Expect a call the next time an emergency threatens your neighborhood
Friday, March 07, 2014 9:00 PM
One of the comments we hear from time to time is, "I never heard the weather siren. Did it go off?"
What alerts do you want to receive?
The list is extensive including:
Informative law enforcement alerts
Informative fire department alerts
Information about public meetings
Traffic information such as road closures
Weather alerts (there are 69 possibilities including severe, wind, flood and winter)
Fire alerts (there are four fire alerts)
The system is not centralized; each department and agency in the county will be able to send out messages over the Everbridge system, so in the event of a disaster destroying the Emergency Management office in the City Building, the system would still be viable.
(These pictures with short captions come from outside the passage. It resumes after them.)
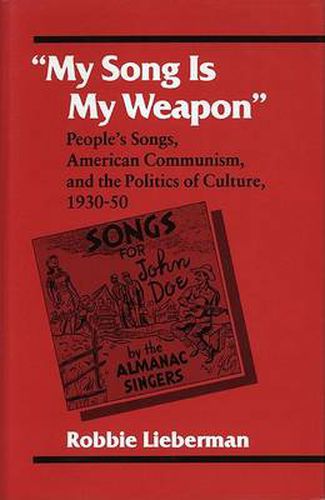 Cover image for My Song is My Weapon: People's Songs, American Communism, and the Politics of Culture, 1930-50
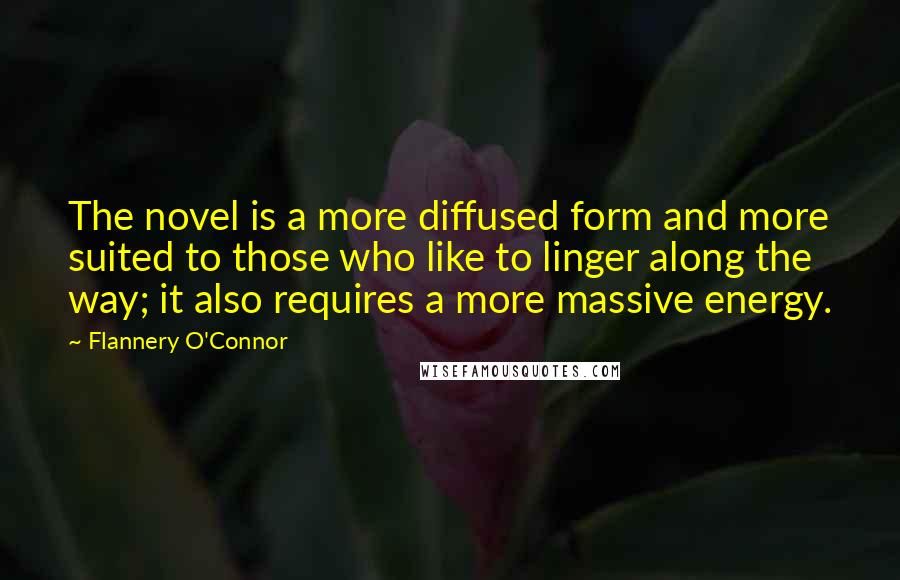 Flannery O'Connor Quotes: The novel is a more diffused form and more suited to those who like to linger along the way; it also requires a more massive energy.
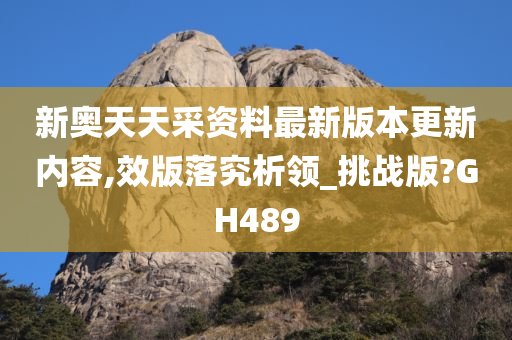 新奥天天采资料最新版本更新内容,效版落究析领_挑战版?GH489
If you sign up for the new mass notification system and you are near your telephone, you will be notified in the event of an emergency.
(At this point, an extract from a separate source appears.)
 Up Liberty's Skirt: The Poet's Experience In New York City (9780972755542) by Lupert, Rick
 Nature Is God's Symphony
The company that is providing the "engine" for the new system is Everbridge. With offices on the east coast and the west coast, in Europe and Asia, it provides emergency notification services for more than 100 countries and the Red Cross.
Everbridge was the notification system in place during the Boston Marathon bombing.
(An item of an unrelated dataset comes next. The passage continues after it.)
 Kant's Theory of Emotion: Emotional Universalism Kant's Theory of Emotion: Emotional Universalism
"For 18 months, I listened to a lot of different people and what they had to other," said Shari Harrington when asked how Everbridge was chosen. "Beth Sessions found them."
Sessions manages the city and county's E911 emergency dispatch system.
"She told me, you have to look at Everbridge," Harrington said.
Two companies presented their products and city and county department heads agreed Everbridge would meet the community's needs.
The system works like this:
You log into www.montgomeryco.net or the City of Crawfordsville's Facebook page and find the link for the Mass Notification System.
Once on Everbridge's site, you have the opportunity to create an account, telling Everbridge how to find you at home, at work, on your home phone, work phone and/or cell phone.
You can sign up for many alerts (see sidebar.)
The form also asks you to enter any special needs you may have including dialysis or hearing impairments, and in the event of emergency, what services you can volunteer, such as if you are an EMT or you are trained as a counselor.
Harrington doesn't recommend it, but you can also ask Everbridge not to call you during certain times of the day or night. That could be dangerous during severe weather, but the option is on the form.
If you do not want to sign up, you will eventually get a call from the National Weather Service on your smart phone in the event of severe weather, anyway. The Federal Emergency Management Agency (FEMA) is also rolling out a notification system for nationwide emergencies, using your smart phone, Harrington said.
Right now, more than 200 local residents have signed up for the Everbridge service and 8,000 listings in the white pages and the yellow pages telephone directories are included in the Montgomery County system.
The service will cost $14,000 the first year, including a setup fee and $13,000 each year thereafter. Harrington said she is confident money is available for the system for at least the first three years. She is also looking for grants to help pay the cost.
By comparison, it costs $12,500 to purchase and install each weather siren in the county and many people are not close enough to a siren to hear it when it sounds.
So, why continue the siren system?
"Not everyone is near a phone," Harrington said. "Some people may be on a lake or on a golf course and not have their phones with them."
Another reason is that even if people have land lines in their homes and offices, some do not want a smart phone. If those people are not near their home or office phone, they have to rely on a siren.
More people buy smart phones each year but there are still many who do not want the devices, Harrington said.